Eisbrecher – Antikorper Review (I’m all out of music columns, save for half of a column on Free Dominguez that I’m mostly certain I never completed and, since she’s back with Kidney Thieves, don’t feel the need to, so let’s just run through my old CD reviews for shits and giggles for a while. I’m pretty sure I picked this as my first review for Beyond the Threshold because Summer asked me to do it, since she liked Eisbrecher, and I’d bought it anyway, so she wanted to know how it was. Say what you will about writing for free, but it’s fun being told, “Hey, can you write a review on that? I want to know how it is.”)
Following their surprisingly infectious and fun self-titled release in 2004, Eisbrecher is back with Antikorper, an effort that shows some mild changing of the format, but not entirely in the right direction. (They would rectify that with Sunde two years later, and every record since has basically sounded, I think, pretty damn good overall. They’re one of the few consistent industrial acts I can rely on, alongside Oomph!, to churn out a solid record whenever they get into the studio. Which is funny, since I mostly only know about them because of Rammstein, and HOO BOY was that a band that went to hell in record time.)

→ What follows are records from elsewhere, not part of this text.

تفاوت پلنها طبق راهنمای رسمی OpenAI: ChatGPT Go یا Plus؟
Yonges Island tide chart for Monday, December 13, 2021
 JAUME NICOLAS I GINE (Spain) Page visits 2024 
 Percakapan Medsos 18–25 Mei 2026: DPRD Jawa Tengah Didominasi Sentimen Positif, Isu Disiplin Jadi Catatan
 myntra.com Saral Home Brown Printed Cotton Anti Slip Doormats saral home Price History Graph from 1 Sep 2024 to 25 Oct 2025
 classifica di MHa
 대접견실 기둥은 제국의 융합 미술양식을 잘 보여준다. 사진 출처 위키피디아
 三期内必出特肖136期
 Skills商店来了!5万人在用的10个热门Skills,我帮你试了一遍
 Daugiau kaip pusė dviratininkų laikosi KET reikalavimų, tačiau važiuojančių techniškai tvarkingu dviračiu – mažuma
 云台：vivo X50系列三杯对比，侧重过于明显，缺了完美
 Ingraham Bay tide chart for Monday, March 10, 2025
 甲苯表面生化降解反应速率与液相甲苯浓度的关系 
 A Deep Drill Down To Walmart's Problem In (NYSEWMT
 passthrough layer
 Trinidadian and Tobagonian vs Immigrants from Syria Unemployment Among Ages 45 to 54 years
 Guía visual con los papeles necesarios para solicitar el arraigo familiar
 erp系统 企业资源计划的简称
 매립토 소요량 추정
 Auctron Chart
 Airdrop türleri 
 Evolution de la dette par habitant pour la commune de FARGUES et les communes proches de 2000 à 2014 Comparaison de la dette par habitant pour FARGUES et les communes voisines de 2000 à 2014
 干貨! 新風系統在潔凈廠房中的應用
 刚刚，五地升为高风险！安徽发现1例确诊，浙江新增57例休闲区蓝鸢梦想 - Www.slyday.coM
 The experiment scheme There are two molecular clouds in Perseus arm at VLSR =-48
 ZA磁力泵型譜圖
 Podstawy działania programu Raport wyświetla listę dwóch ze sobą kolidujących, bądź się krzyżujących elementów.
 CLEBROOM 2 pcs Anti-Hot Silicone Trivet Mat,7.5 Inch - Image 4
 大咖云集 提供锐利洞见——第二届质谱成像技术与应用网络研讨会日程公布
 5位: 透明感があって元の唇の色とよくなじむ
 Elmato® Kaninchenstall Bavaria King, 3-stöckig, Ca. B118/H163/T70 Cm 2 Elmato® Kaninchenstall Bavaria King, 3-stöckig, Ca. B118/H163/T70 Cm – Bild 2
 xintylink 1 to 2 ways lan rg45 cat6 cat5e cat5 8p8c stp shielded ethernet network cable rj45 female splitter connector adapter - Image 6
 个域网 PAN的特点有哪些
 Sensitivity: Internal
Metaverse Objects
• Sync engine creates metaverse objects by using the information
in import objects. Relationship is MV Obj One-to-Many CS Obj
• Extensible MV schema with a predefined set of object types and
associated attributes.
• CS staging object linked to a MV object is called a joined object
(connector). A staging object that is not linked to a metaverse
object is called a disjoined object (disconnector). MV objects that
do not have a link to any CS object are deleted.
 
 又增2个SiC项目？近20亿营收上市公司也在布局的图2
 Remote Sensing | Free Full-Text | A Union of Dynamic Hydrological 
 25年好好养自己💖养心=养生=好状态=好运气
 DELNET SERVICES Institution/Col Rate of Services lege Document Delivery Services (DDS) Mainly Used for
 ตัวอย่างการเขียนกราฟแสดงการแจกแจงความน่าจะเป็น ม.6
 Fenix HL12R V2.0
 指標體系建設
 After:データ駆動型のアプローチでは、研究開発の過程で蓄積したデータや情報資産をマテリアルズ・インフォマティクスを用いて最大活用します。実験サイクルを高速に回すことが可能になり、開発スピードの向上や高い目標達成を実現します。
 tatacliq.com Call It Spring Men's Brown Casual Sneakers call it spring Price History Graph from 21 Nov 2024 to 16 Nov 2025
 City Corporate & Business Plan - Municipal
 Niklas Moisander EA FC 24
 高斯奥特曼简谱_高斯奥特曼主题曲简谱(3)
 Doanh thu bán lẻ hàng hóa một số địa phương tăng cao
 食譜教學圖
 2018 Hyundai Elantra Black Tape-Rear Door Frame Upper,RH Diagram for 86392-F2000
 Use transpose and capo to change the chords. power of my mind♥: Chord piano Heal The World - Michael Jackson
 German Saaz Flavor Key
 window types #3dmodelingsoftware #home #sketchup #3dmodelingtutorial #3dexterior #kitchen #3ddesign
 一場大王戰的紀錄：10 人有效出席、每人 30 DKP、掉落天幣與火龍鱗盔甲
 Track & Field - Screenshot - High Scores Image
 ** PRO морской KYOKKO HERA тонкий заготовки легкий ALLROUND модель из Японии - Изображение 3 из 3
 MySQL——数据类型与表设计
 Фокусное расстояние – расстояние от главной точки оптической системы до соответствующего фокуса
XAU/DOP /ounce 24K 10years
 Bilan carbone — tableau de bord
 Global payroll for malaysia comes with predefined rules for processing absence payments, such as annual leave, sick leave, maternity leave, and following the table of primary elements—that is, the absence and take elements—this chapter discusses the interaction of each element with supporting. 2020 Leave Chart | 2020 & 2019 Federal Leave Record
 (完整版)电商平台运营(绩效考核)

Eisbrecher’s self titled debut CD was full of catchy dance hooks, odd rap melodies, and electronic energy. Antikorper follows this formula to a certain extent, though to a lesser degree. (Later records kind of balance their hard riffs with electronic progression, and they’ve generally managed to find a formula that mostly works.) Tracks like “Leider” and “Vergissmeinnicht” retain the feel of the first album, but most of the rest of the album seems to feature a direction that harkens to a combination of the electronics from the first effort and some strong chugga-chugga guitar work, similar to that of Megaherz. This is probably not by accident; the lead singer of Eisbrecher, Alexx Wesselsky, was also the lead singer of Megaherz. (I’m not a big fan of Megaherz, was the point here.)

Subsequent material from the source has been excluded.